Дождливым летним днем в конце июля я в последний раз съел порцию солдатского супа в 27-м пехотном полку в Ченстохове.
Я, уже переодетый в цивильное, являюсь теперь обладателем двух тысяч польских марок, тридцати двух папирос (три новые, а остальные — желтые и мятые), квитанций с четырех- и пятизначными номерами и письма с отпечатанным на конверте именем «Якуб Визнер, швейная мастерская».
В этом самом письме, начинающемся без приветствия, без церемоний, без обращения, запросто: «Могу написать тебе из дома, что…» — меня уведомляют, что мой отец умер, а двухкомнатную квартирку на третьем этаже домовладелец сдал другим людям.
В заключение неизвестный мне Янкев Визнер пишет: «Так как, согласно закону о правах квартиросъемщика, сын покойного, служащий в армии, считается не посторонним лицом, а квартиросъемщиком, ты можешь смело требовать у Ленчицкого (домовладельца) вернуть тебе помещение».
Внутри письма находится вырезка из еврейской газеты:
«Юридическая консультация
Господину Янкеву Визнеру, Нова-Бяла: если умирает отец, чей единственный сын служит в армии, домовладелец обязан…»
И далее приводится то же самое, о чем Янкев Визнер пишет мне в письме.
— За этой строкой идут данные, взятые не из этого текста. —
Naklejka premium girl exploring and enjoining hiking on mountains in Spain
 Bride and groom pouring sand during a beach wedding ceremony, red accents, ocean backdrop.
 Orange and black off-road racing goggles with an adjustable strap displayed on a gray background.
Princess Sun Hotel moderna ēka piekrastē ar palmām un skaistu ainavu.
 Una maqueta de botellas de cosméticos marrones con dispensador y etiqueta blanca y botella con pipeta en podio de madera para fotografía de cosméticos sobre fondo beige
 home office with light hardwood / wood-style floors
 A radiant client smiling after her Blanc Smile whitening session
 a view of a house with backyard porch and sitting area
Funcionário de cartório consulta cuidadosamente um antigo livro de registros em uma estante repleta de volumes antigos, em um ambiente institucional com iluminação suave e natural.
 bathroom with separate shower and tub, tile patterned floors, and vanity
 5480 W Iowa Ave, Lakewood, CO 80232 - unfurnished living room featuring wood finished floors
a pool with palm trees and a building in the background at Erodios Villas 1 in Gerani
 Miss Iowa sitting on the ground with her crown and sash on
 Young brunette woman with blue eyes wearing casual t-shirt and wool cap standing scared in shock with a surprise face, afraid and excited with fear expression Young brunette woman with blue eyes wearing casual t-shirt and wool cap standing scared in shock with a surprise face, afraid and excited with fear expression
Этого Янкева Визнера, портного, я никогда не видел в нашем доме. Абсолютно неизвестный мне человек.
Как я ни пытался его вспомнить, он оставался для меня чужим, незнакомым.
Я догадался, что этот человек — наш новый сосед, а письмо он мне написал по доброте и из жалости.
В местечке у меня не осталось никого, кто бы мог мне хоть чем-то помочь: никаких родственников у меня там не было. Ехать домой, чтобы судиться с домовладельцем из-за квартиры, я не хотел, находя это крайне глупым, а главное, будучи уверенным в том, что из этого ничего не выйдет.
И, кроме того, мне не нужна была квартира сама по себе — там, в местечке, я не мог рассчитывать ни на какой заработок.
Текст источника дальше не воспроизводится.